## Task requirements
Extract the lines up to and including the one that contains "Firma del contratto", starting with the first line of the entries below, and omit the pictures.

Captioned web image data
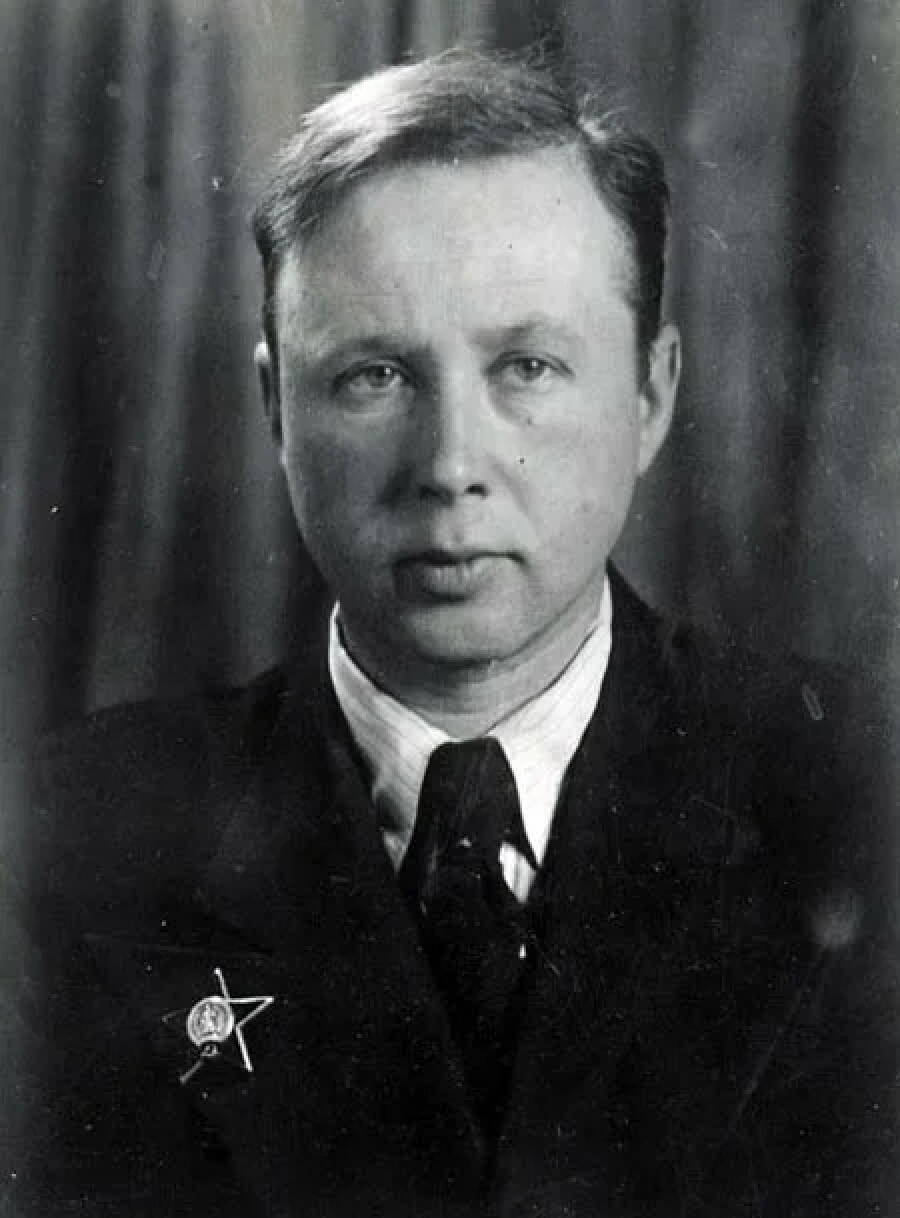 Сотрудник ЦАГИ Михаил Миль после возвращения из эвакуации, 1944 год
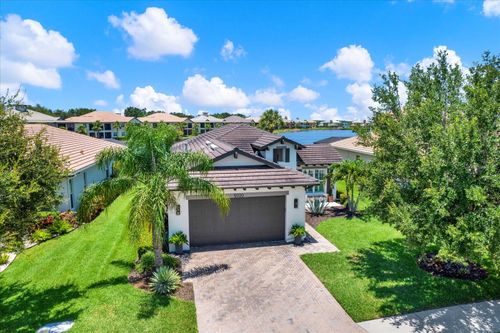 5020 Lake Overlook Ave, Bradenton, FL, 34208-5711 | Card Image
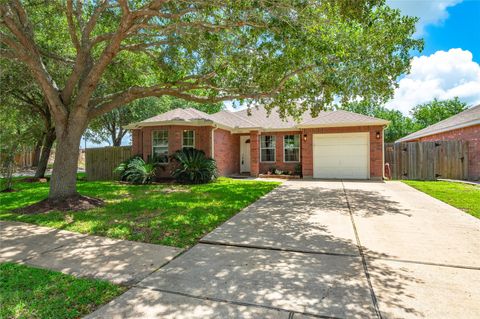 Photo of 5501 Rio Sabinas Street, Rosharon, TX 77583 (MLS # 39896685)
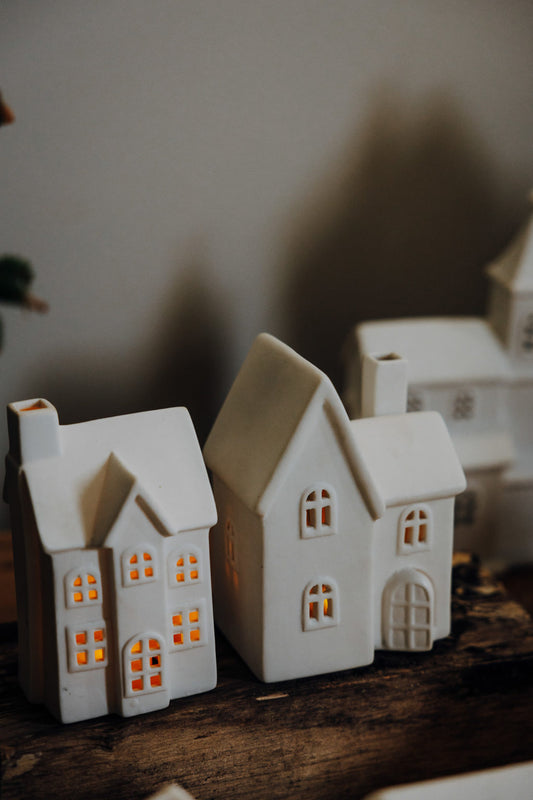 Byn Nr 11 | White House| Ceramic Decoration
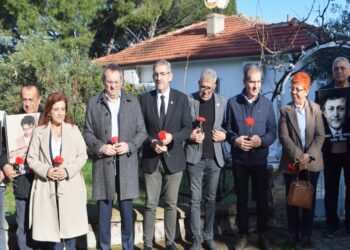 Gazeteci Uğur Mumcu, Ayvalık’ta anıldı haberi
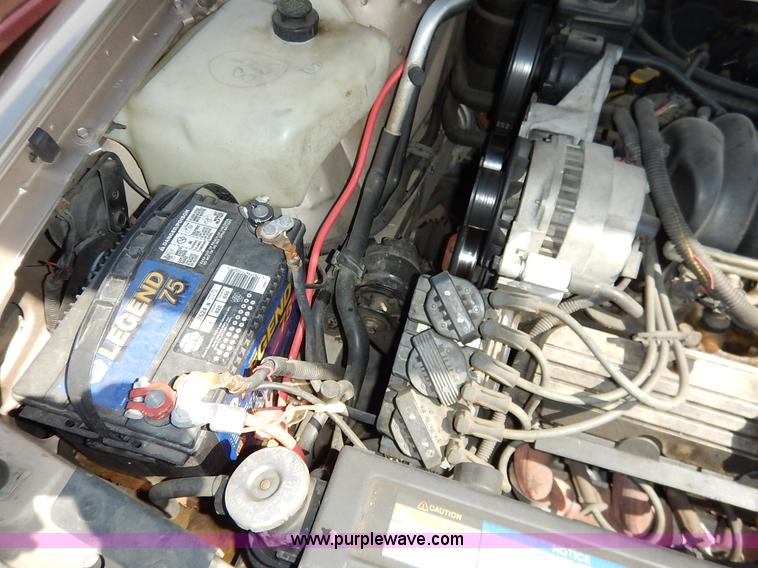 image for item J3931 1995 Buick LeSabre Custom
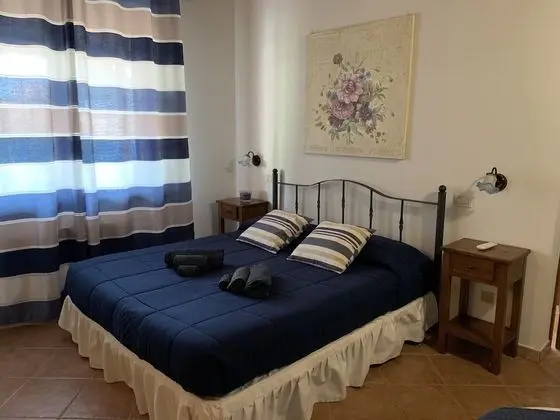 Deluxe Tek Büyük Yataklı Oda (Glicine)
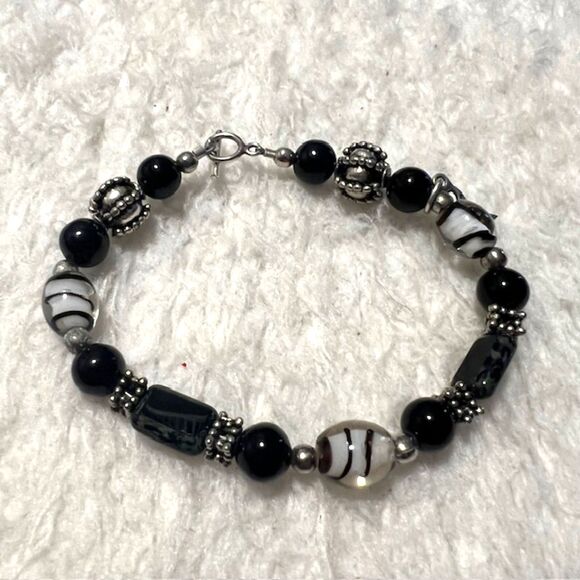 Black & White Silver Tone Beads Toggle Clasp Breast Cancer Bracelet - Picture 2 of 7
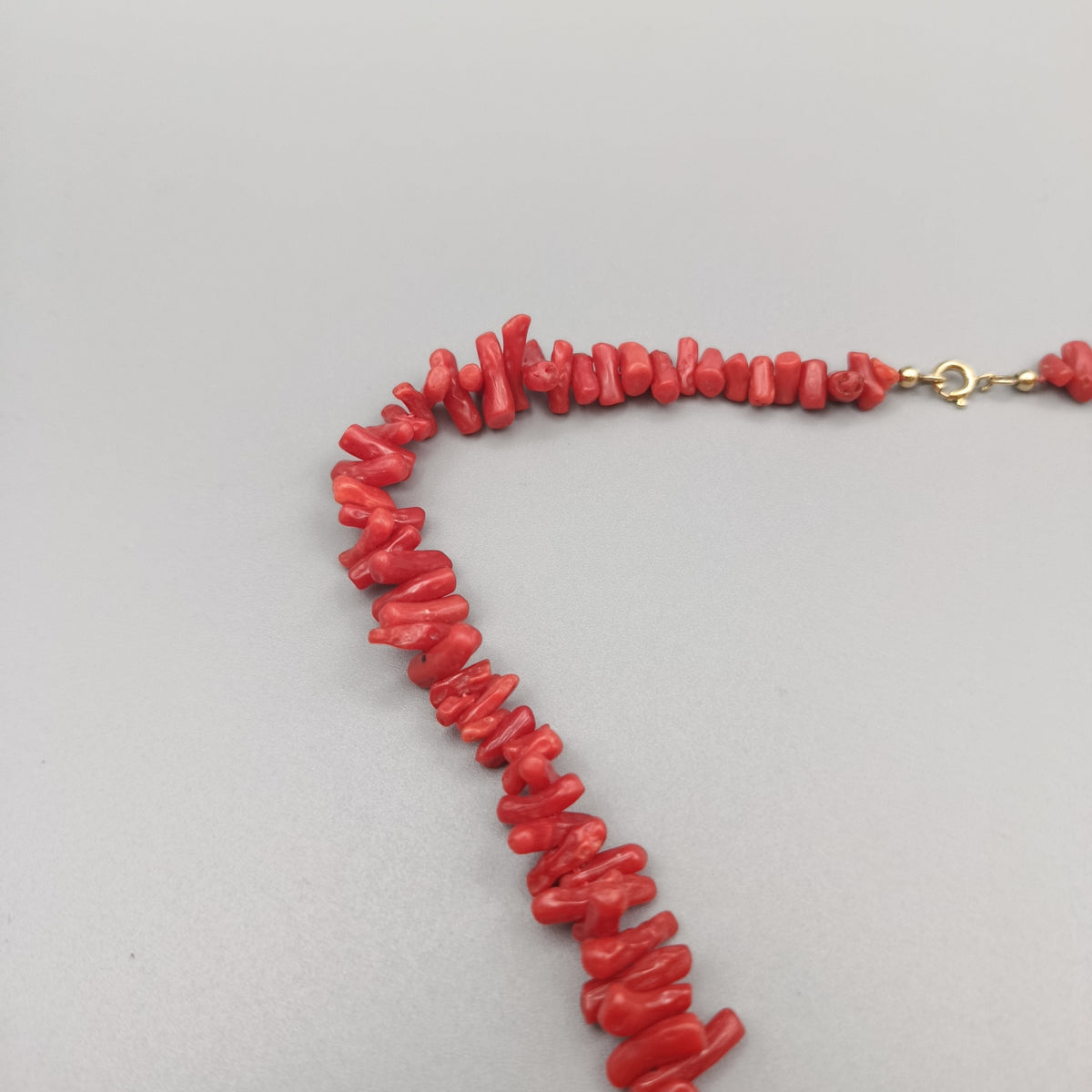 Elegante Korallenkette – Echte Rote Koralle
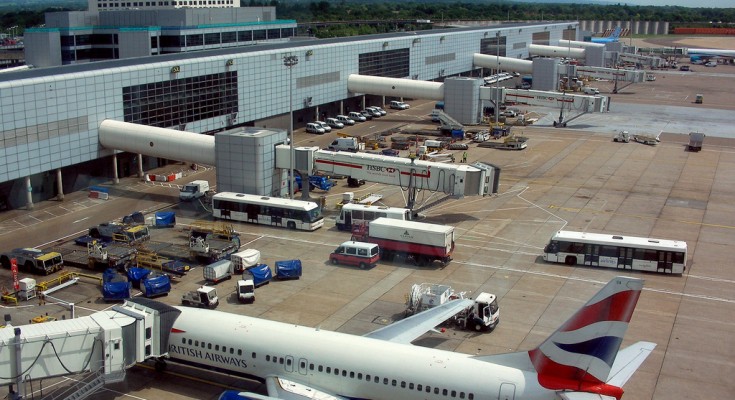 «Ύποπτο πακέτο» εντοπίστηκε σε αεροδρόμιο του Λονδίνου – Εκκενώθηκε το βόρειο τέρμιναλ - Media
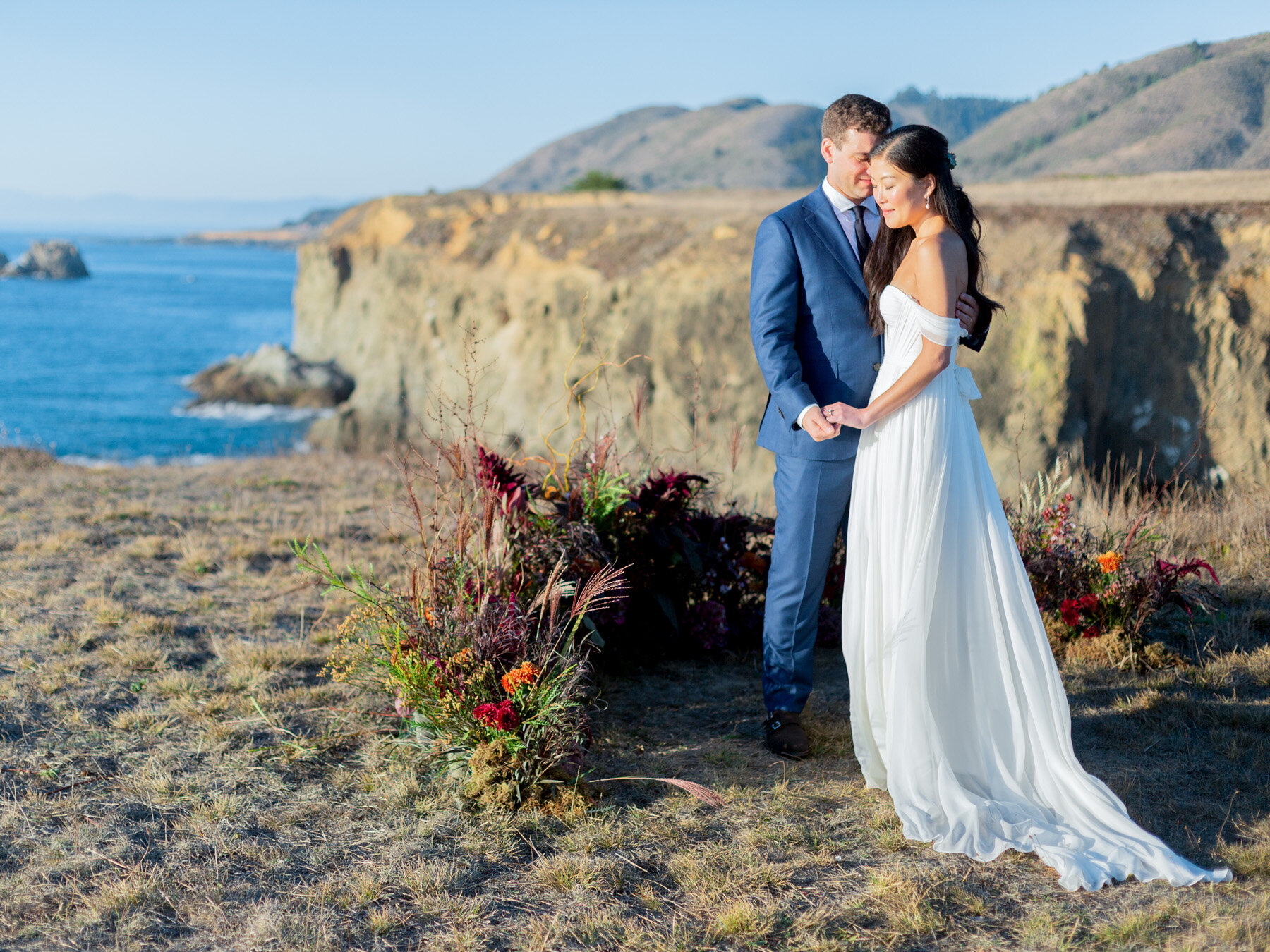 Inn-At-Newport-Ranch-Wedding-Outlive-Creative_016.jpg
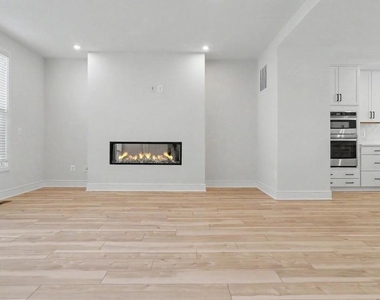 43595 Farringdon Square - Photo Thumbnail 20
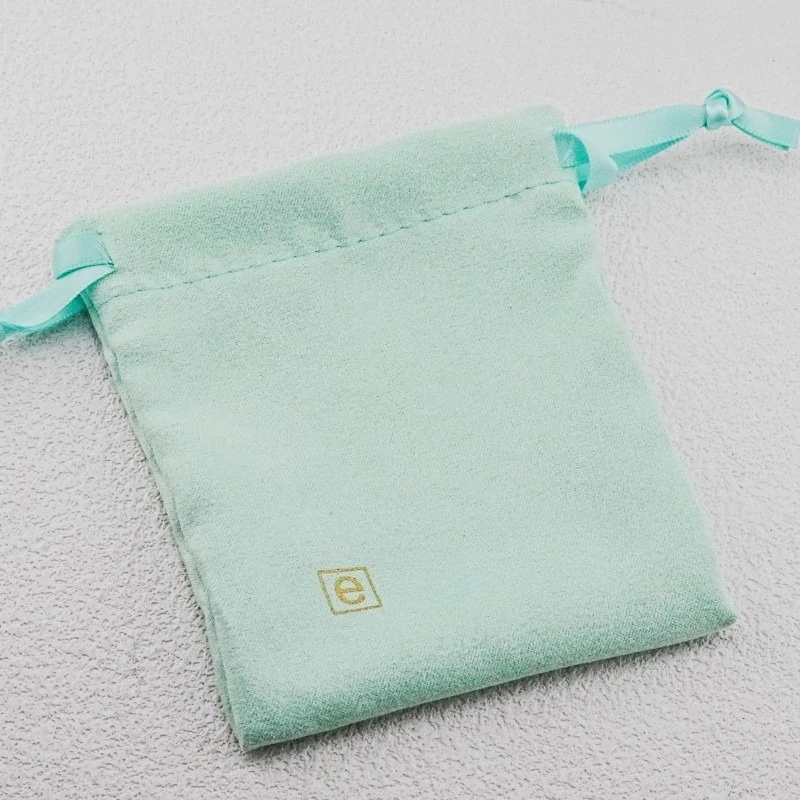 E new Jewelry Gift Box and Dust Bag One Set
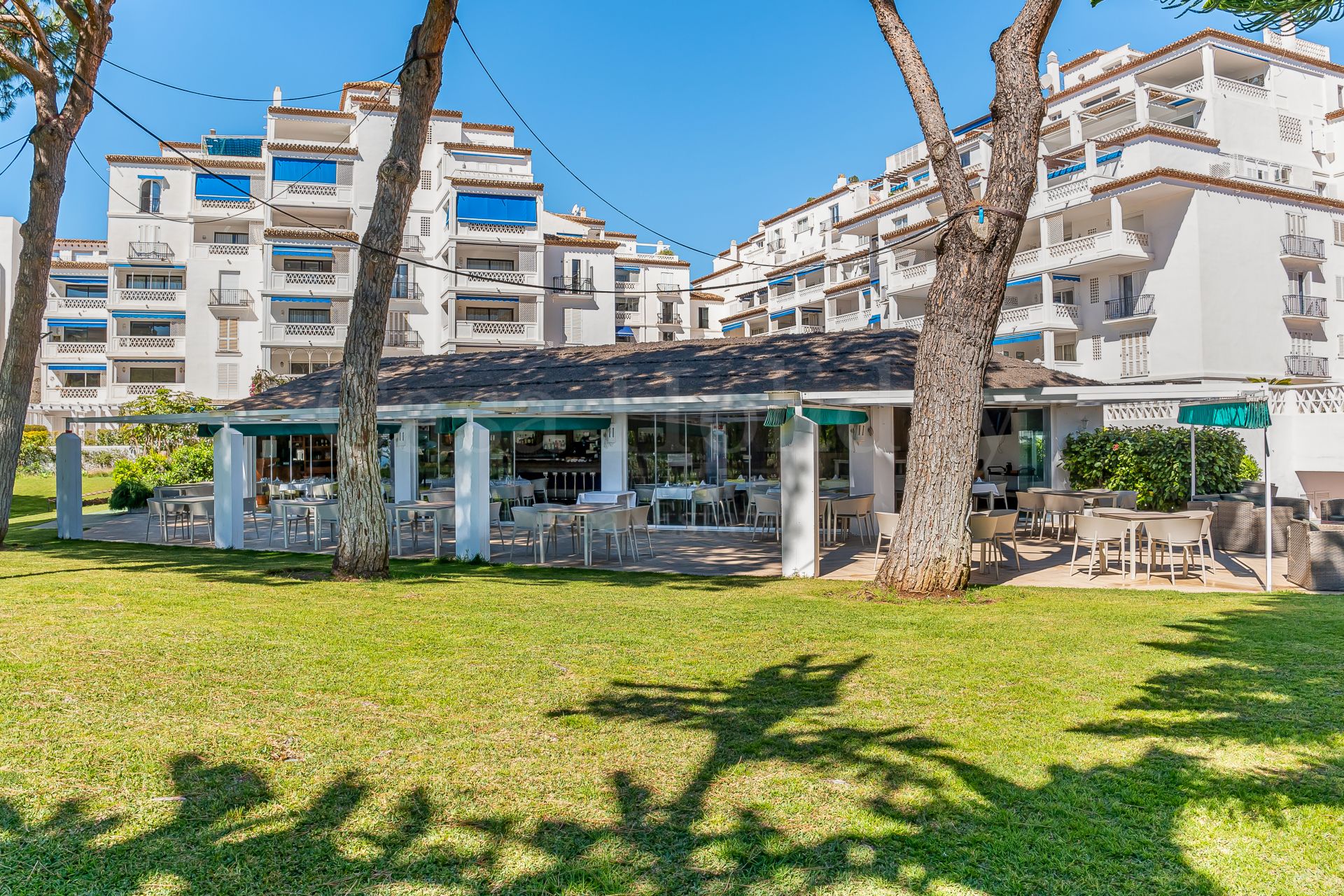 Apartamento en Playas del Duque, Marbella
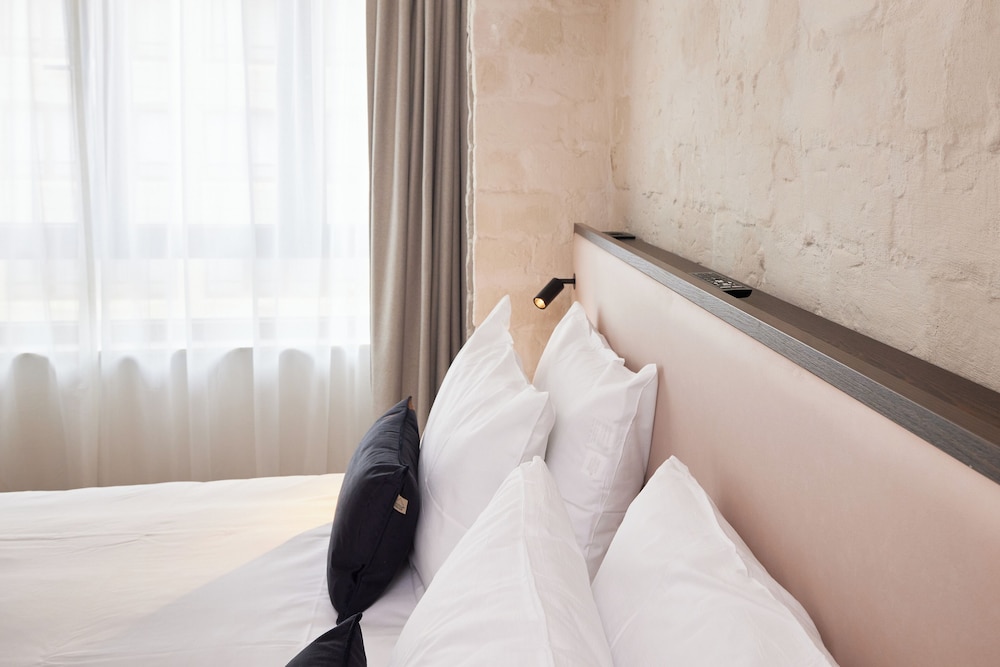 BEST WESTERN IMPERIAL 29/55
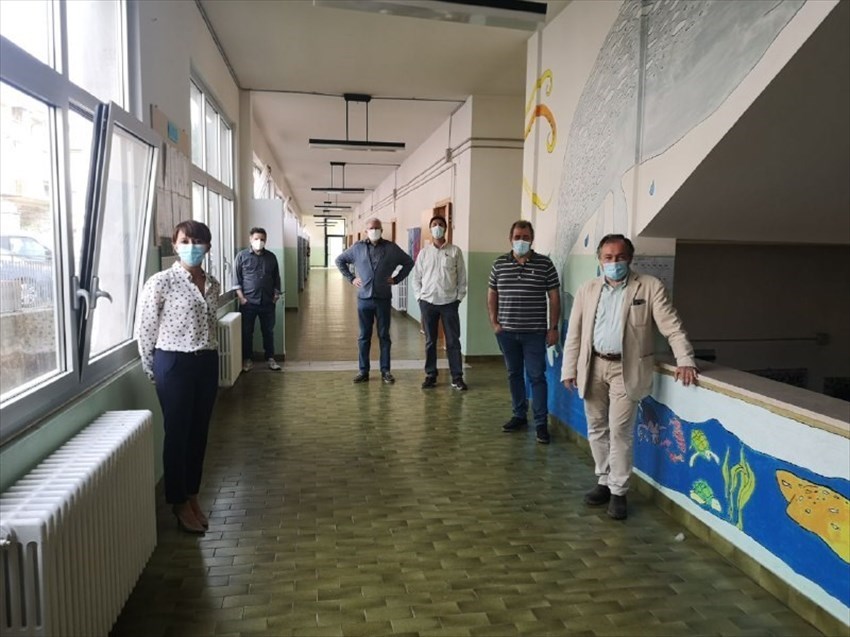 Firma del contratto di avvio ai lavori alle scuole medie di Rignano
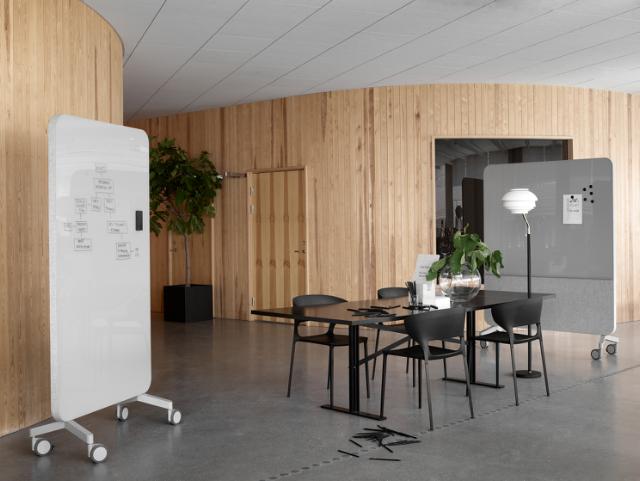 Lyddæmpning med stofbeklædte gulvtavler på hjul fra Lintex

## Response
 Сотрудник ЦАГИ Михаил Миль после возвращения из эвакуации, 1944 год
 5020 Lake Overlook Ave, Bradenton, FL, 34208-5711 | Card Image
 Photo of 5501 Rio Sabinas Street, Rosharon, TX 77583 (MLS # 39896685)
 Byn Nr 11 | White House| Ceramic Decoration
 Gazeteci Uğur Mumcu, Ayvalık’ta anıldı haberi
 image for item J3931 1995 Buick LeSabre Custom
 Deluxe Tek Büyük Yataklı Oda (Glicine)
 Black & White Silver Tone Beads Toggle Clasp Breast Cancer Bracelet - Picture 2 of 7
 Elegante Korallenkette – Echte Rote Koralle
 «Ύποπτο πακέτο» εντοπίστηκε σε αεροδρόμιο του Λονδίνου – Εκκενώθηκε το βόρειο τέρμιναλ - Media
 Inn-At-Newport-Ranch-Wedding-Outlive-Creative_016.jpg
 43595 Farringdon Square - Photo Thumbnail 20
 E new Jewelry Gift Box and Dust Bag One Set
 Apartamento en Playas del Duque, Marbella
 BEST WESTERN IMPERIAL 29/55
 Firma del contratto di avvio ai lavori alle scuole medie di Rignano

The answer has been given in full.